If, as planned, 23 apartments are built to fill this gap in the street, they could be the first in the city leased to Dublin City Council for social housing under a scheme brought in last year.
The council has signed a “lease for agreement” for the homes with Bartra Real Estate Ltd under the enhanced social-housing leasing scheme, said a council spokesperson, recently.
The enhanced leasing scheme, introduced in January 2018 by the Department of Housing after meetings with, and submissions from, investment funds and developers, was drawn up to lure more private investment from bigger players into social housing.

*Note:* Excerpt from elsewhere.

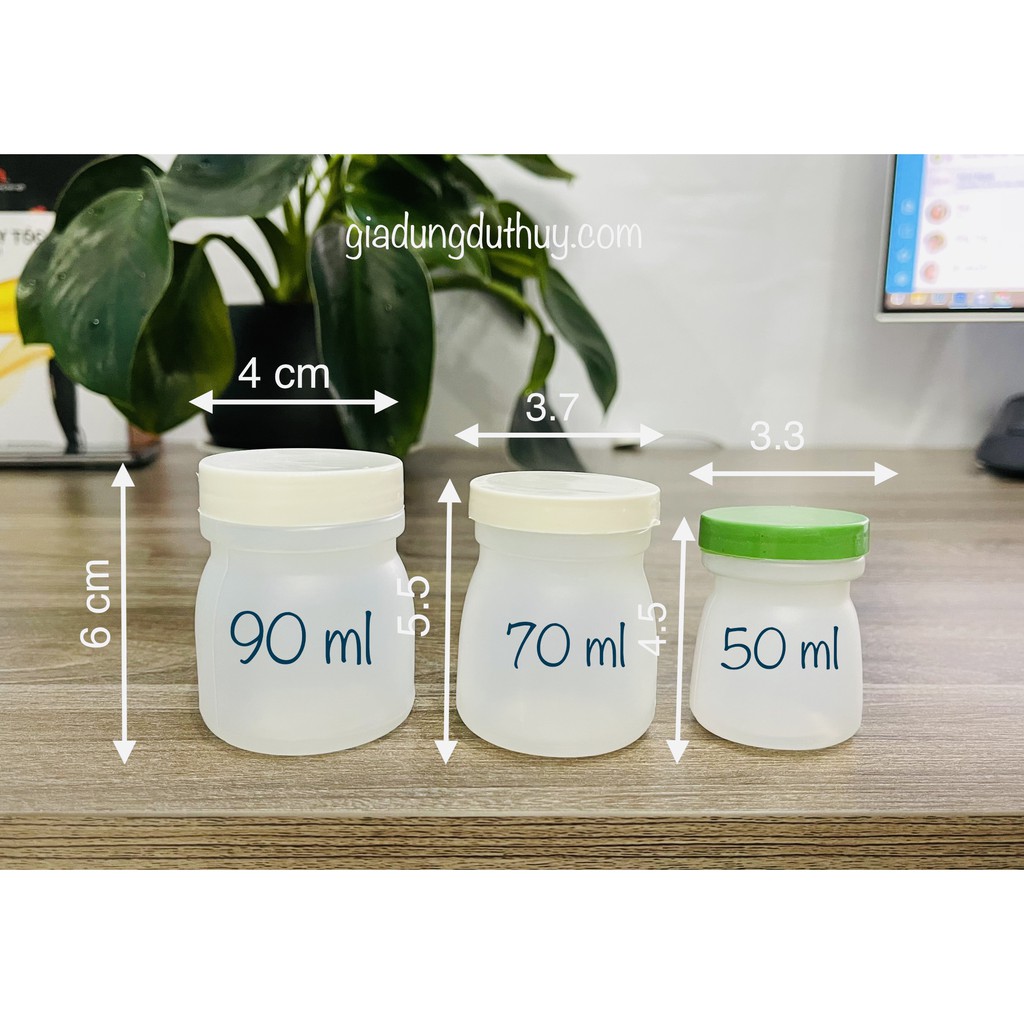 Lốc 12 hũ làm sữa chua, hũ đựng kem trộn bằng nhựa Liên Hưng, thể tích 50ml-70ml-90ml, có nắp tiện lợi an toàn, bền bỉ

It’s a way “to leverage off-balance sheet funding opportunities” and it “can represent good value in the long-term for the state”, said a spokesperson for the Department of Housing.
But growing leasing from for-profit companies hasn’t been welcomed by all. Some see the enhanced scheme, and its continued roll-out, as doubling down on an expensive reliance on the private market for social housing. Essentially, as the state continuing to rent, rather than building to own.
There was some logic to leasing from private players when the department had no capital funding to build social homes after the crash, says Sinn Féin housing spokesperson Eoin Ó Broin.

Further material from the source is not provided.